All through the East advertisements were scattered, and thousands of workers were daily reading of the wonderful opportunities awaiting them in Detroit. Every worker had a chance to hold the best job forever; to own his home; to ride in his automobile; to even become a stockholder in the factory!
The industry was new, the wages e big, conditions were brilliant. e workers took the bait and came. Thousands began to pour into Detroit every year. There was a steady flow from the industrial towns of the East and the farm districts of the Middle West. The capitalists never stopped representing Detroit as a veritable Mecca, and the automobile industry as a gold mine, until they filled their factories with slaves to overflowing, and from a small city it grew to a population of 250,000.
Having grown so rapidly, as rapidly as the industry and the millionaires it made, Detroit presents today not as the capitalists would have it known throughout the country-“A city of opportunities” -but a city of rooming houses, cheap lunch rooms, and still cheaper amusement places. It has a large floating population of men between the ages of 18 and 35, people who cannot afford decent living conditions, and exist in overcrowded tenements, with nickel shows, saloons, and brothels adjacent. The enormous rents exacted by the landlord sharks make it impossible for the man with a family to find a dwelling place to correspond with his wages, and the average wage, as figured by the State Labor Bureau of Michigan, is about $2 a day in Detroit.

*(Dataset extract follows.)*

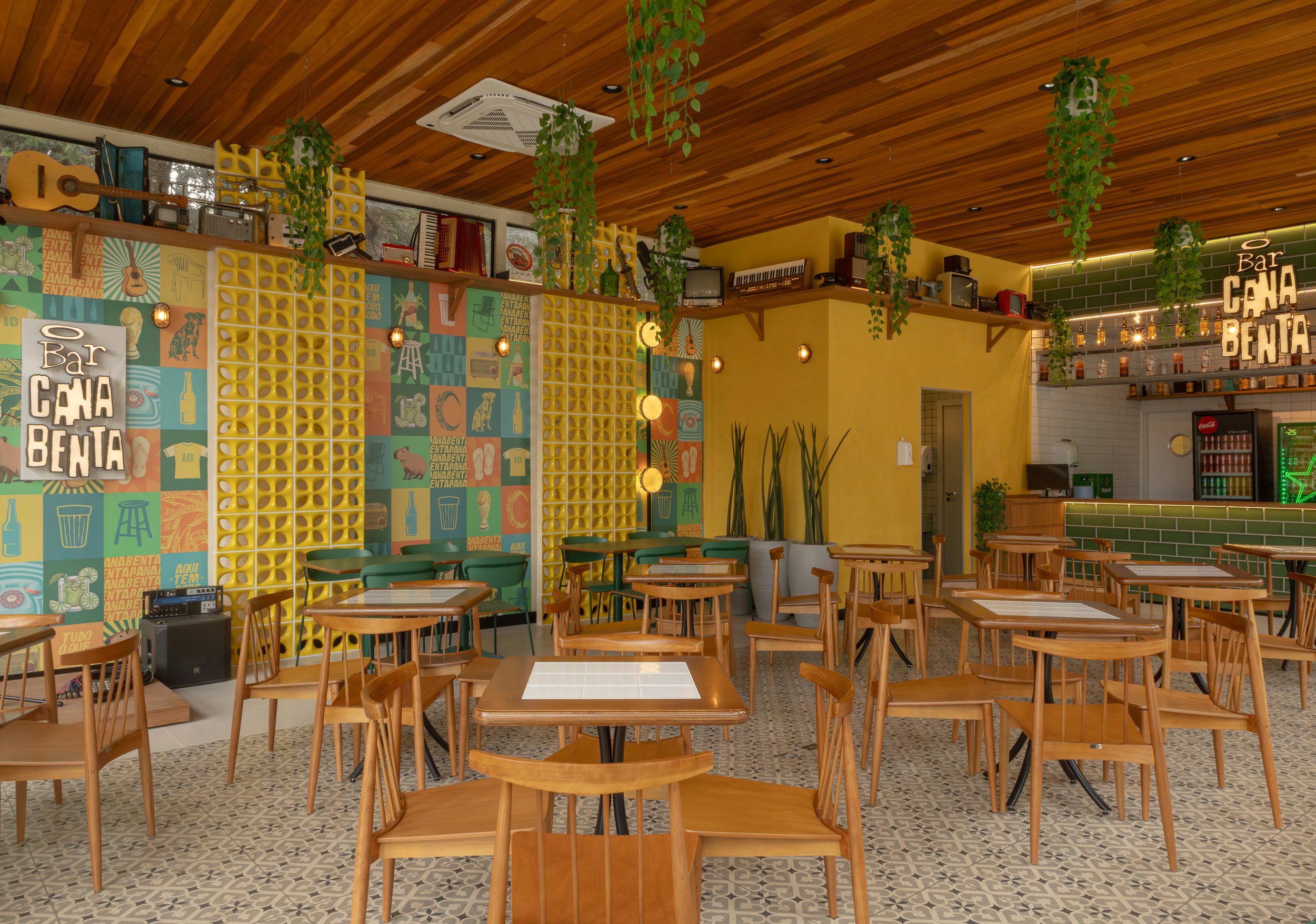 Interior de um bar com mesas de madeira, paredes decoradas com cores vibrantes, plantas penduradas no teto e uma parede com colagens de quadros e objetos retro, criando um ambiente acolhedor e descontraído.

Wages are low, the cost of living high, general conditions are those of any other congested industrial city, if not worse, but still Detroit is held up as a model city throughout the country, and fresh labor power keeps pouring in, only to be ground down to the same level as those who came before.

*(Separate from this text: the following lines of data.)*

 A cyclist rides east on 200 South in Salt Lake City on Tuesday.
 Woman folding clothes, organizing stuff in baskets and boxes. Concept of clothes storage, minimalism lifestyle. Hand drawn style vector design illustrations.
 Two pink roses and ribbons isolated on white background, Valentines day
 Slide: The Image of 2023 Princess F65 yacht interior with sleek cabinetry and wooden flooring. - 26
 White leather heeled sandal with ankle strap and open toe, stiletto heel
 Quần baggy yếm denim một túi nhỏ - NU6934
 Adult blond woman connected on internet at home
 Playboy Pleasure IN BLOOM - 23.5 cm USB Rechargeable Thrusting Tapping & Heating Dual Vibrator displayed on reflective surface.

When the I.W.W. made its advent into town the factory owners immediately began to see danger in it, and treated it accordingly. Speakers and organizers were arrested, the capitalist press howled, about the black deeds of it, and gave it editorial space; the police department was kept busy; generally there was one grand shakeup in the apparently placid “city of opportunity,” and the “good understanding between capital and labor” sham was brought to light.
The exploited, Taylor-systematized and efficiency-driven workers in the automobile industry began to wake up to the horrible iniquities of the wage system.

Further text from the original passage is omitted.